OTA Campaign Analysis
As noted above, our campaign in partnership with two of the foremost OTAs in the UK was the first of two additional focus areas. The objective here was to use diverse advertising to drive users – from Facebook and website landing pages – to the relevant pages for booking. The results achieved were as follows:
- YoY OTA revenue growth of $1.4 million (increase of 16.5%)
- Total return on advertising spend (ROAS) stood at £32.6 generated per £1 spent
- PAX to destination up 8% YoY
- Room nights to targeted hotels up 3.3% YoY
- Room nights to all destination hotels up 1.2% YoY
- Air tickets saw the biggest growth, up 16% YoY
All aspects of this campaign were fantastically successful, with the first OTA’s onsite banners being anecdotally described by the OTA as “the best they had ever seen” with a CTR of 0.2%. But in terms of cost per result, social media vastly outperformed traditional banner advertising when driving users to booking pages.
“…the evidence that social media advertising playing a compellingly large part in achieving the ROAS of 32.6 and significant revenue growth is overwhelming.”
While the latter generated a little over 6,000 clicks to target pages for the period, our social media advertising resulted in nearly 10 times that number, driving 51,231 clicks. Viewed in the context of relative spend, the evidence that social media advertising playing a compellingly large part in achieving the ROAS of 32.6 and significant revenue growth is overwhelming.
Airline Campaign Analysis
Unsurprisingly, the focus and methods of our partnership with the airline was of a similar nature to that with the OTAs. The results achieved were as follows:
- Point of sale for website is +55% versus last year
- Trade point of sales is +15% versus last year
- +27% passengers versus last year on all channels
What did differ about this element of our project was its use of traditional print advertising, including a cover wrap for the UK’s most popular free newspaper. As you’d expect, however, given the non-digital nature of print advertising, a comparison of success there is difficult, so instead we’ll focus again on social media versus traditional digital.

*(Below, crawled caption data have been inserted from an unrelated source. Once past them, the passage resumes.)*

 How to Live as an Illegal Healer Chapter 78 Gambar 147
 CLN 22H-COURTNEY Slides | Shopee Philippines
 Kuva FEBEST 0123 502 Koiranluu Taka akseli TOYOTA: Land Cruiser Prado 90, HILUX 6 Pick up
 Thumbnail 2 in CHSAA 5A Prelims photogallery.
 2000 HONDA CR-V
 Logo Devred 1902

Once again, all aspects of this campaign could naturally be described as highly successful, with digital advertising on digital print platforms (for instance, online newspaper websites) achieving relatively high CTRs of 0.29% and 0.25% respectively. Our work with the world’s biggest travel review site to deliver informative articles based around the destination was also impactful, resulting in 1,337 direct clicks to the airline website.
“The gulf in spend between social and traditional was the largest here, yet the results from social media were among the best we’ve seen.”

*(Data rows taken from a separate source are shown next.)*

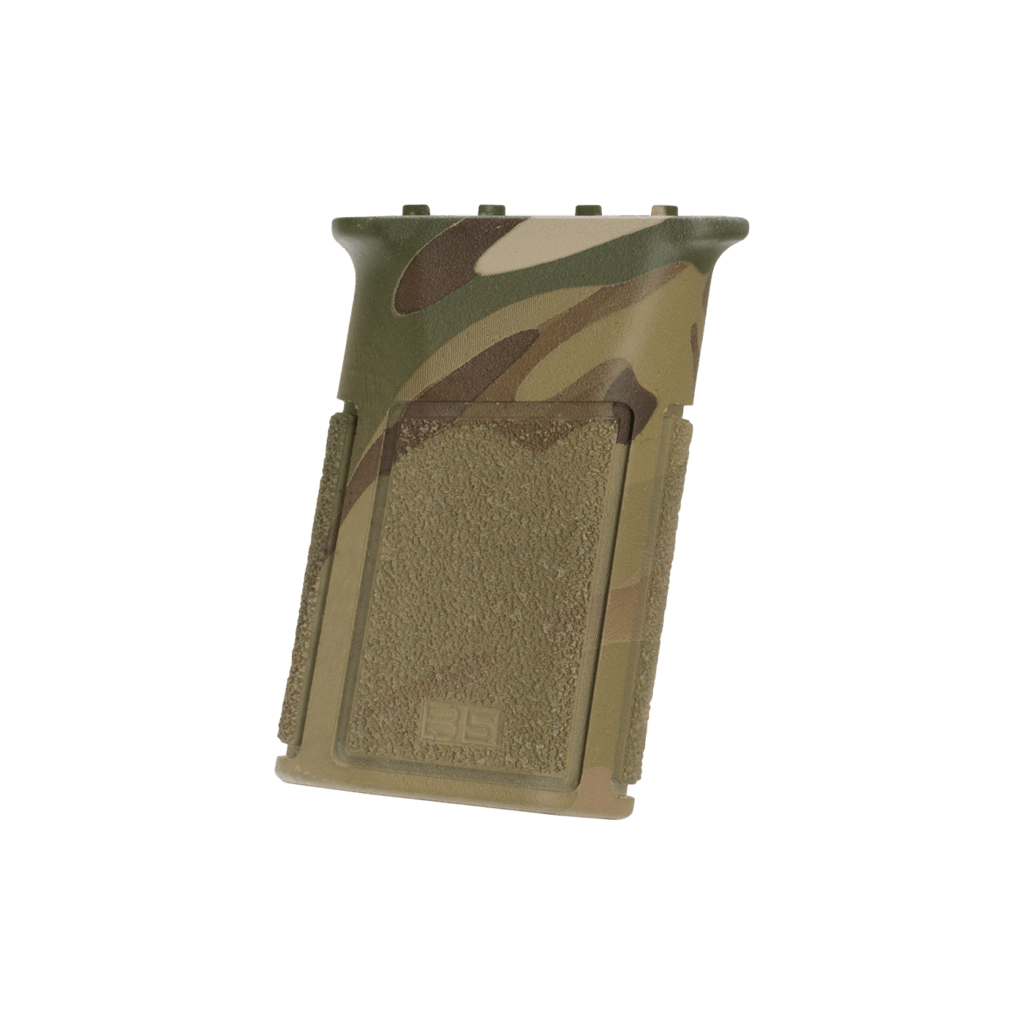 B5 Systems Vertical M-LOK Dual Angle Grip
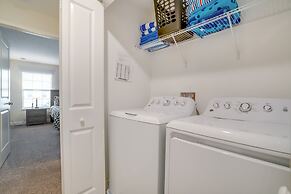 Cozy 4 Bed 3 Ba Champions Gate Pool Home1566pd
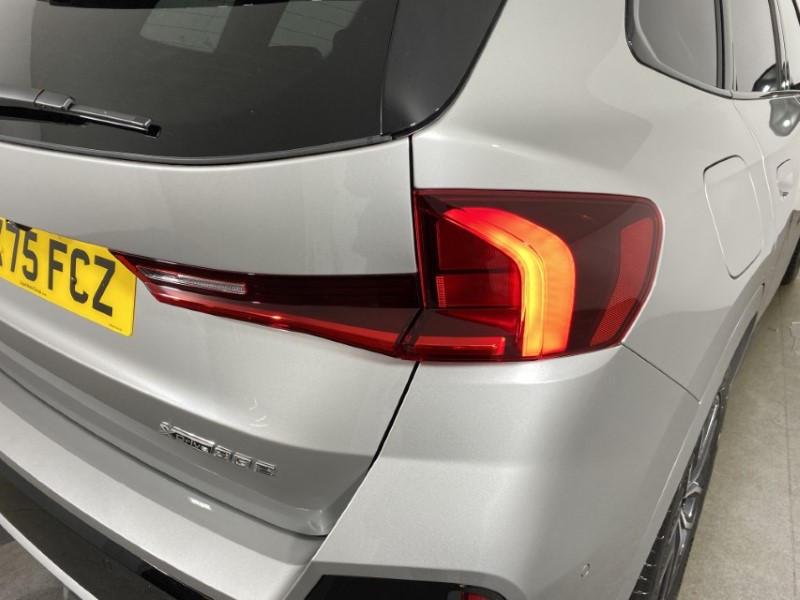 Used BMW X1 2025 for sale - 77877769: Photo 38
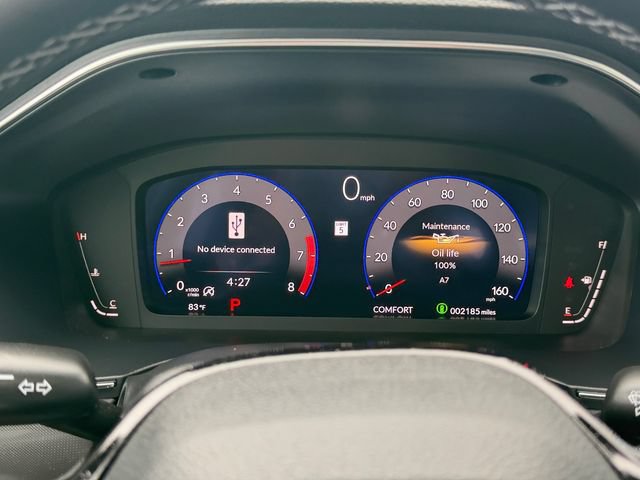 Certified 2024 Acura Integra A-Spec FWD image 22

But as with our OTA campaign, we saw drastically different sets of results when considering them on a cost per result basis. The gulf in spend between social and traditional was the largest here, yet the results from social media were among the best we’ve seen. Our Facebook advertising for the period generated 34,183 clicks direct to the airline partner, representing more than the lion’s share of the campaign’s success.
It’s worth highlighting, once more, that each subject of direct comparison here was successful in its own right. This isn’t the case of a successful social media campaign obviously outstripping the results of an unsuccessful traditional digital campaign. Instead, it demonstrates how successful social media can be at driving traffic to specific objectives, as well as delivering absolute awareness for a destination.

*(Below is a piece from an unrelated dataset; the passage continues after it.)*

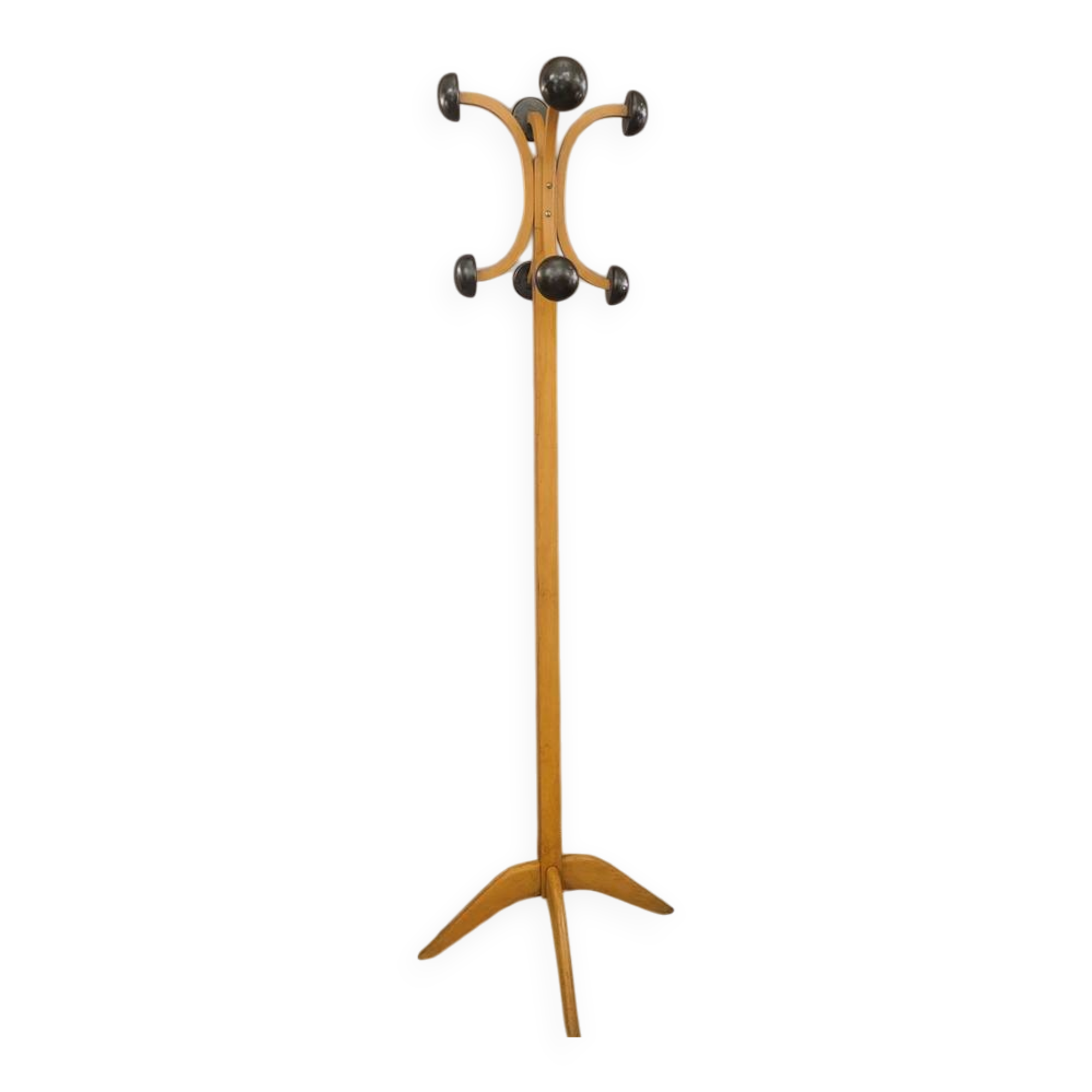 Porte-manteau perroquet Stella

Seen in the context of cost per result, while spend on social media accounted for only a small amount of the overall project spend, its results are what drove overall project success to such lofty heights. And while we wouldn’t anticipate, or even recommend, a destination allocating 100% of marketing budgets to social media, there is clearly something to be said for deploying significant social media marketing efforts alongside supplementary digital marketing approaches.